Friday, February 1, 2008

Sidejacking, Forced Sidejacking, and Gmail

The following is not original, just an analysis and summary of other work and the current security state of Gmail's login cookie and sidejacking. Its been well known (Errata Security) for months that Google's cookie management has some serious problems, even when you use SSL. Mike Perry's Bugtraq posting from over half a year ago explains it well.

Executive summary: Google's failure to properly use the secure attribute on Gmail's cookies means that Gmail over SSL offers effectively no security against an active attacker when compared with Gmail without SSL. This is a well known problem.

First, some general purpose background on cookies and sidejacking:

What is a cookie? A cookie is a small value stored in the user's web browser that is sent to the web server. Whenever a webpage is fetched, the browser sends all cookies associated with that web site. Likewise, the web site can set cookies in the reply.

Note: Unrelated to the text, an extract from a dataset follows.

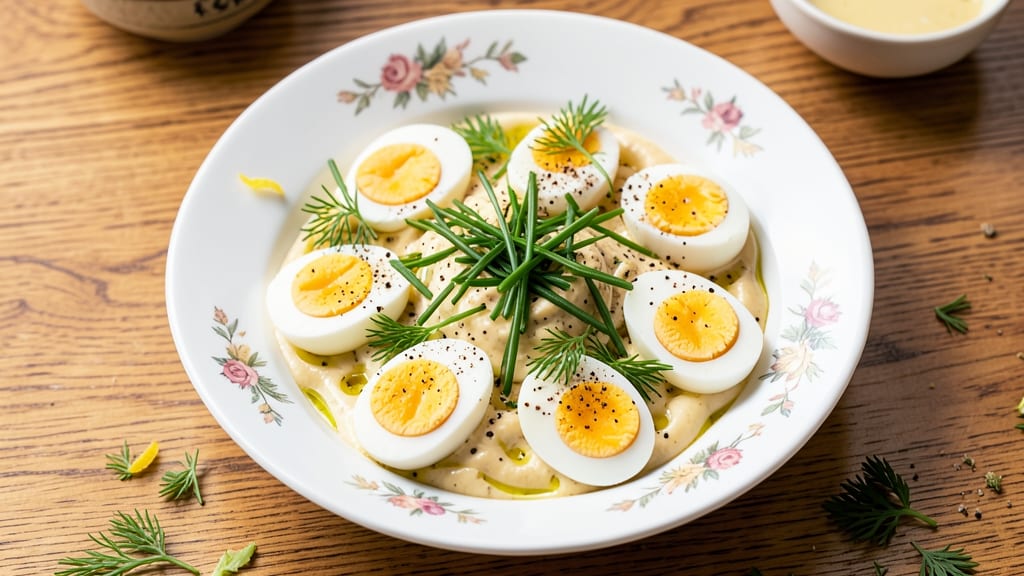 The Very Best Egg Salad Recipe: Bold Mustard-Kick Without Mayo Overload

Cookies are often used as "login cookies" or "session cookies", a way for the server to know who a user is and that he's allowed to log in. Often, these cookies are marked as secure, which means they will only be sent over an encrypted (https) session. But if they aren't marked as secure, they will be sent with every page request made to the server, regardless of encryption.

What is sidejacking? Sidejacking is simply stealing the session cookies when they are sent over an insecure (normal HTTP) session and reusing them. If you can grab someone's login cookie, you can impersonate them on whatever website the cookie is for, such as read their email on Gmail or Hotmail, or whatever other impersonation is desired.

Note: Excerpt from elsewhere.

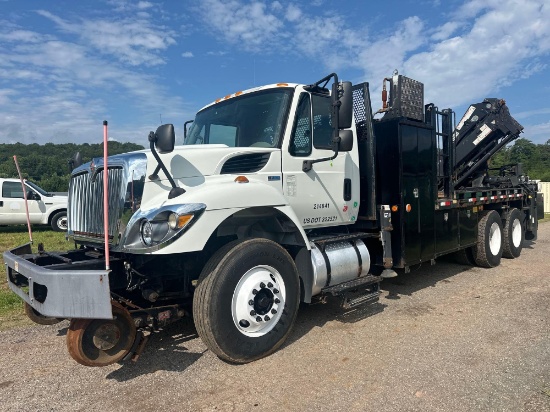 2015 International WorkStar 7400 Service Truck, VIN # 3HAWGAAR0FL609895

What is forced sidejacking? (Also known as a cross site request forgery attack, but that's not as catchy a name). If a session is unencrypted, someone able to observe packets (such as the guy sitting next to you in Starbucks) can obviously see, intercept, and reuse any cookies seen in the classic Sidejack attack. But often an attacker wants to get the cookies associated with a connection which is not currently active, or when the session is encrypted.

In this case, if the attacker can inject packets, instead of being an eavesdropper he can become a man in the middle. And since listening in on packets to capture people's email accounts is already illegal, there is no reason for the attacker who's sitting next to you in starbucks to limit himself to just passive snooping.

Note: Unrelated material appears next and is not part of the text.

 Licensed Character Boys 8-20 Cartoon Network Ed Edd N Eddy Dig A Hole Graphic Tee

By performing packet injection or any one of half a dozen other attacks, the attacker can fool your web browser into going where the attacker wants and revealing all the cookies for the site he wants, by modifying your web browsing.

As an example, the attacker could replace the victim's fetch of any normal web page with an "HTTP 302 Temporarily moved" pointing to the web site he wants to steal the cookies from. Thus the victim's browser then thinks "Oh, I should visit this instead", so it creates a request which includes all cookies which aren't secure. The attacker then replaces the reply with another "HTTP Temporarily moved", back to the page the victim was trying to visit. [1]

As a result, the attacker has learned what the cookies are for the victim's login to the targeted site, but the victim doesn't observe anything (it just looks like the page took a little longer to load, and the address bar might flicker).

Any site which does not allow HTTPS is trivially vulnerable to sidejacking and forced sidejacking. Thus, Hotmail can always be forced sidejacked. However, sites which use SSL to access can set the secure attribute on the login cookie, which should prevent this attack.

Unfortunately, Gmail, although it supports SSL, does NOT set the secure attribute on the login cookie (which is named "GX"). Thus if you manually type, you are safe from a passive eavesdropper (passive sidejacking), but just as vulnerable to an active attacker (forced sidejacking) as you are with the "SSL only for the login" Hotmail or Gmail over plain http! This is because although your session is encrypted, an attacker could still redirect any of your other surfing to "", which reveals your GX cookie to the attacker. And since its just as illegal to sniff a person's cookies to access their email account as it is to modify their browsing, and almost as easy to inject traffic instead of just sniffing traffic, Gmail's SSL offers effectively no security over the non-SSL option [2].

This situation will remain until Google changes the GX cookie to secure. But the situation, as you will see, is more complex then a one-line change.

Naturally, I thought there would be an easy fix: use greasemonkey to change the GX cookie to secure whenever I visit Gmail. (Greasemonkey allows you to inject arbitrary Javascript into a set of pages you view, which can both read and change cookie attributes). Now if the attacker tried to actively sidejack me, my browser just wouldn't send the cookie because its not an HTTPS session.

But that doesn't work, as Google uses a two stage login process for Gmail, Blogger, etc which prevents the quick fix from working. There is a local session cookie (GX) and a global user login cookie group (SID (insecure) and LSID (secure)) which are used by Google's single signon system. The LSID cookie is restricted to, and has the secure attribute set, to the attacker can't grab it directly.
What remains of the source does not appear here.